Заигрывания Фриды и «маленького козла» происходили почти на глазах Натальи Ивановны. Лев Давидович, как юноша в полном смысле слова, бегал за Фридой по патио (полубегал, потому что очень быстро Фрида не могла передвигаться). Затем она позволяла поймать себя и уводила в собственную спальню с огромной ортопедической кроватью
[613], вначале (но только вначале) вроде бы для того, чтобы полюбоваться висевшими там ее произведениями (в целом абсолютно кошмарными). Когда свидания в «Голубом доме» оказывались невозможными по каким-либо внешним причинам, Фрида договаривалась со своей сестрой Кристиной и принимала «маленького козла» в принадлежавшем той соседнем доме
[614]. Заигрывания продолжались и за обеденным столом, тоже в присутствии Натальи. Их нередко наблюдал даже Ривера, который, правда, не обращал на них никакого внимания. Но их замечали секретари и охранники, что делало положение супруги Троцкого еще более унизительным и невыносимым. Наталья страдала, молча и терпеливо, отлично понимая, что застольные беседы ее супруга и Кало на непонятном ей английском языке выходят за пределы политики, бытовых тем и обычных дружеских отношений. Во всяком случае слово «love», которое нередко слышалось и которое Фрида произносила при прощании, было Наталье Ивановне известно
[615].
Страсть поначалу казалась настолько сильной, что в тех редких случаях, когда им не удавалось встретиться, любовники обменивались нежными письмами, которые часто прятали в книги и передавали их друг другу через охранников, секретарей, слуг или другими способами
[616]. Видимо, в самом конце июня или в первых числах июля 1937 г., в результате нараставшего напряжения во взаимоотношениях, между Троцким и его супругой произошло объяснение и под предлогом восстановления здоровья и отдыха они решили на короткое время расстаться. Лев Давидович уехал в поместье (гасиенду), принадлежавшее правительственному чиновнику Ландеро, другу Риверы. Имение находилось примерно в 150 километрах от Мехико, возле городка Сан-Мигель-Регло. Наталья Ивановна осталась в Койоакане, но обязалась лечиться. Троцкого сопровождали и охраняли полицейский офицер Жезус Казас и шофер Риверы Сиксто.

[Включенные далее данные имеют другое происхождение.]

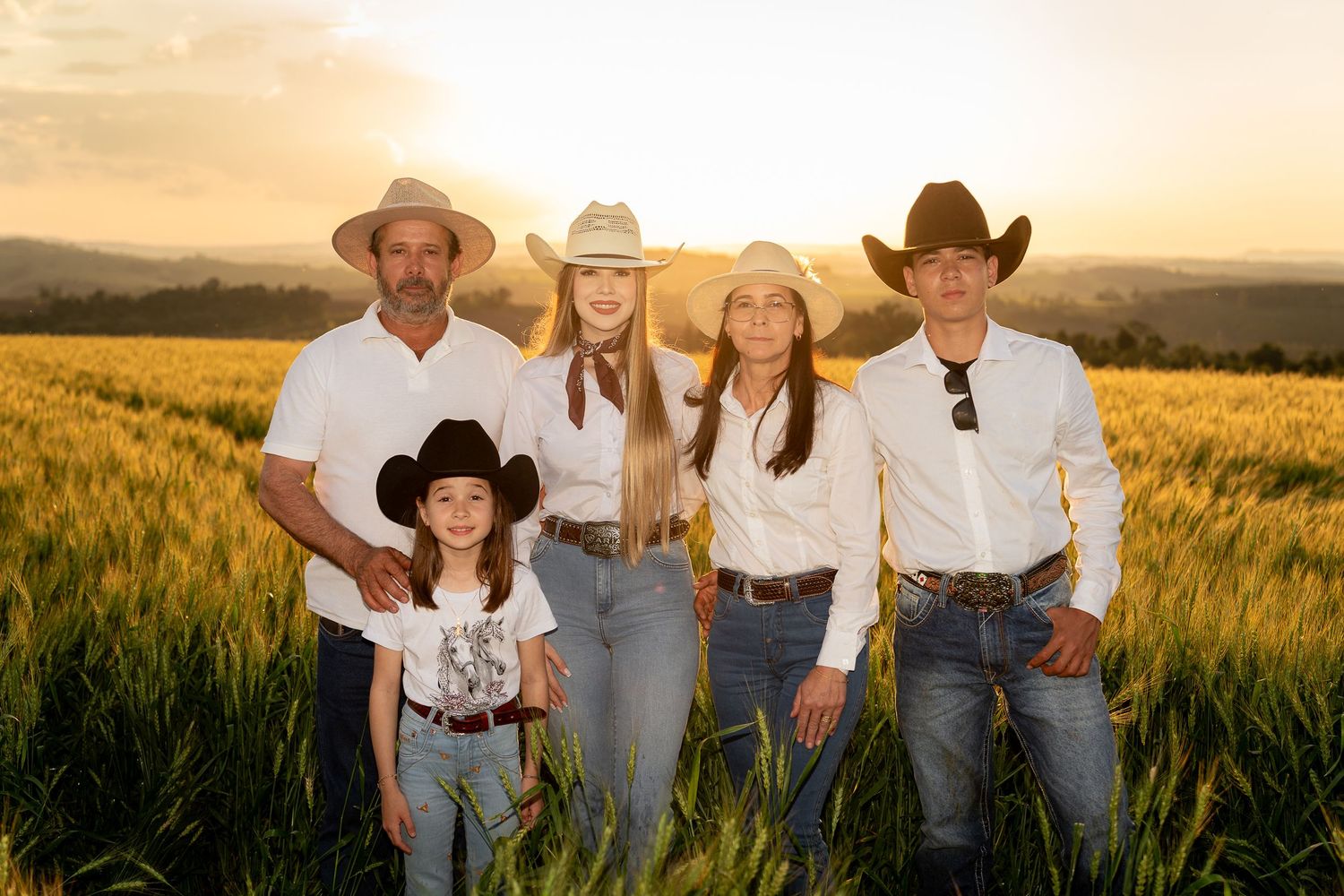 Family of five in cowboy hats posing in golden wheat field at sunset wearing white shirts and jeans.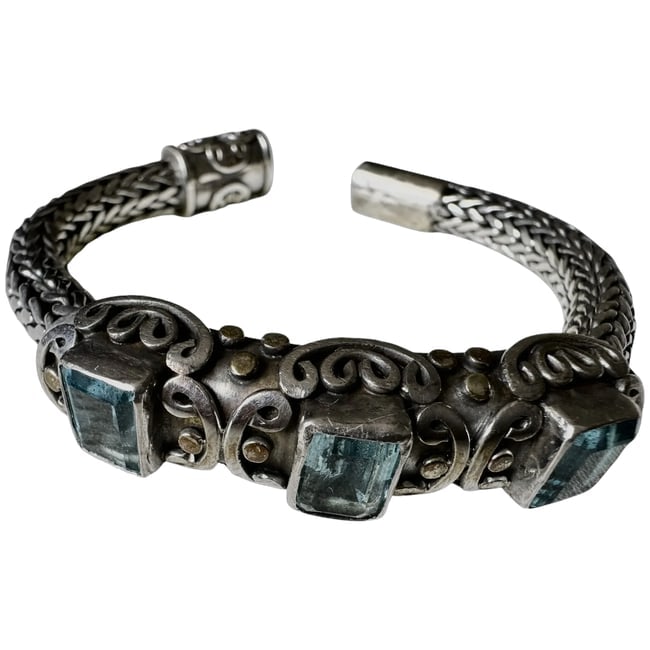Bangle Bracelet Designer 78g sterling silver w/gold dots: Heavily oxidized .925 Sterling Silver body accented with solid 18K yellow gold beaded dots nestled within the filigree scrollwork.Gemstones: Features three prominent, vibrant emerald-cut or square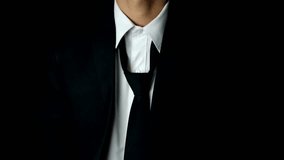 businessman with black suit and white shirt fixing tie on black adjusting necktie business background - Powered by Shutterstock - Get 15% off with code: PIKWIZARD15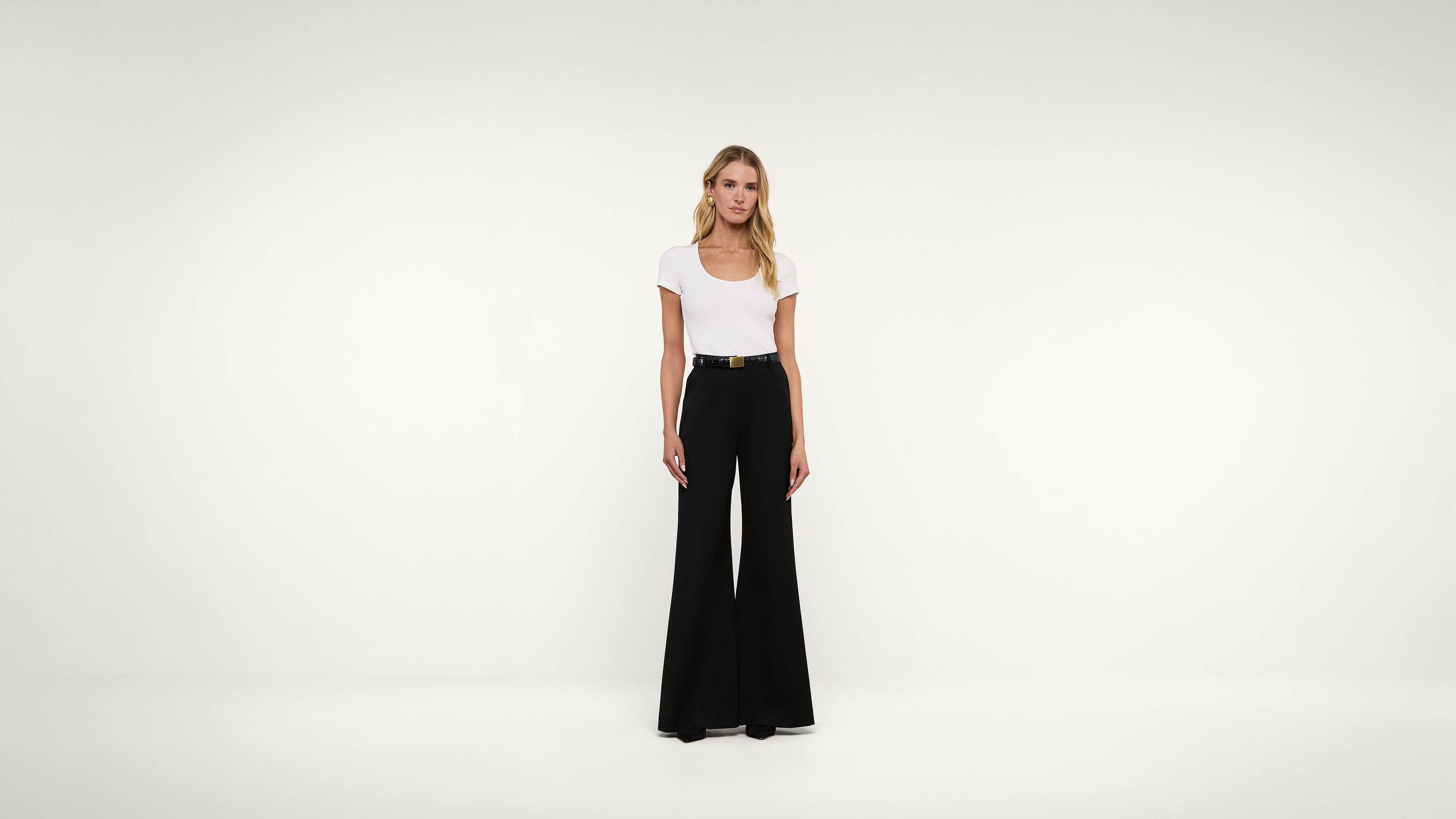 A woman stands in a white room wearing a white t-shirt tucked into high-waisted black wide-leg pants with a black belt.
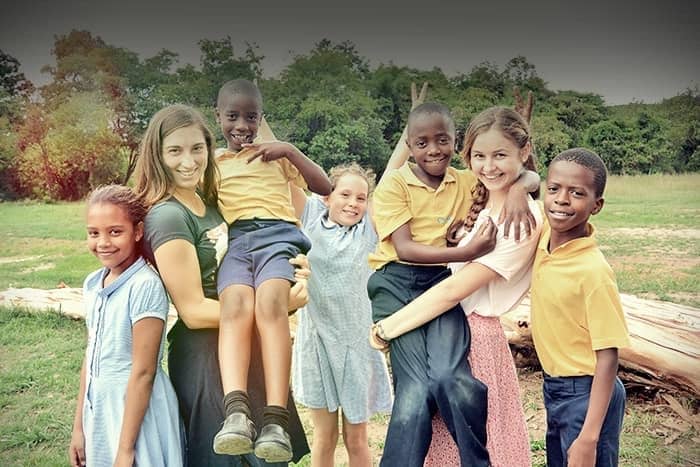 Sechs lächelnde Kinder und zwei Frauen posieren gemeinsam im Freien auf einer Wiese, mit Bäumen und umgestürzten Baumstämmen im Hintergrund.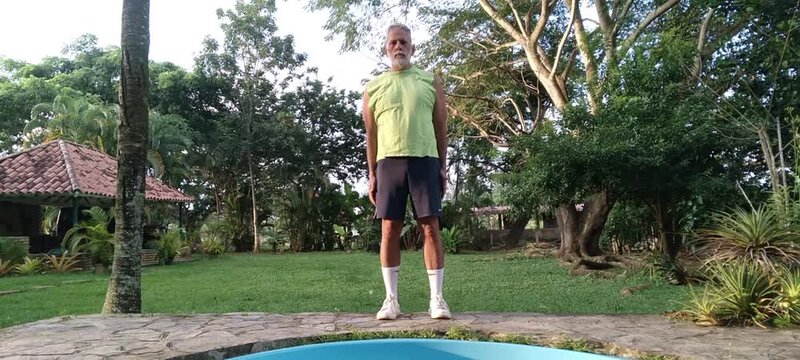 50 year old man doing basic calisthenics exercises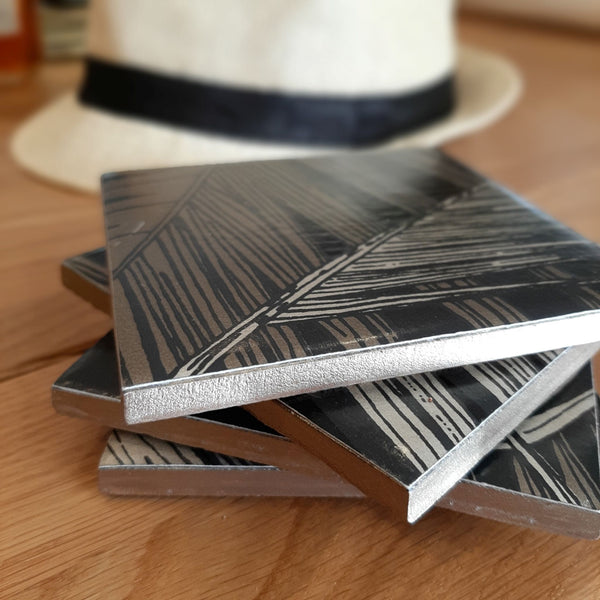 Guild Lane GILD Silver metallic paint used to add silver detailing to handcrafted ceramic coasters.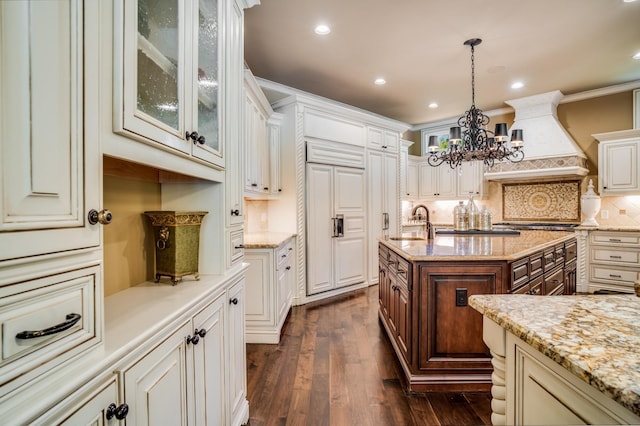 947 Tyne Blvd, Nashville, TN 37220 - kitchen with custom range hood, an inviting chandelier, dark wood finished floors, a sink, and light stone counters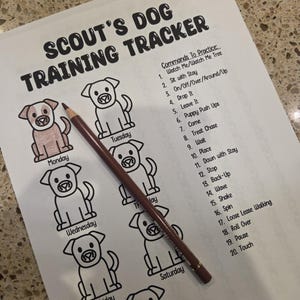 May include: A printed dog training tracker titled "SCOUT'S DOG TRAINING TRACKER" with a list of commands and cartoon dog illustrations. A brown pencil rests on the page, ready for use. The tracker is designed to help track a dog's training progress.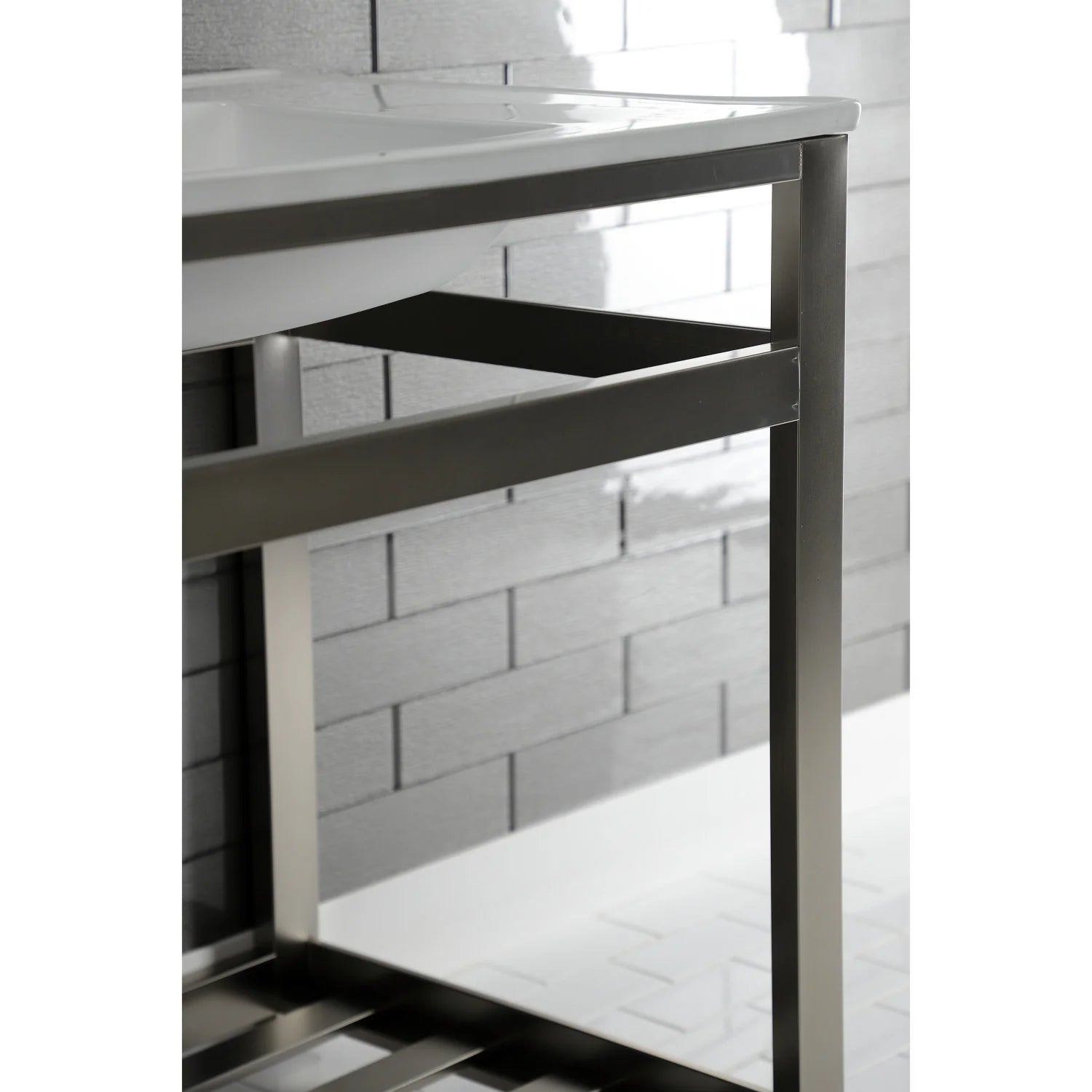 Steel console sink base with open slatted shelf and legs, underside view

Находясь в течение трех недель вдали от возлюбленной (Фрида приезжала в Сан-Мигель-Регло всего один раз), Троцкий попытался трезво оценить сложившееся положение, в котором оказался. Ситуация напоминала ему то, что произошло с Лениным, увлекшимся в Швейцарии Инессой Арманд. Крупская готова была тогда без боя сдать позиции сопернице, лишь бы сохранить Ильича для революции. Ленин принял волевое решение, бросил Арманд и остался с Крупской — тоже ради революции. Троцкий решил последовать примеру Ленина. Понимая, что связь с Кало осложнит его политическую деятельность и скомпрометирует его как «большевика-ленинца», он решил прекратить с Фридой любовные отношения (и сохранить только приятельские).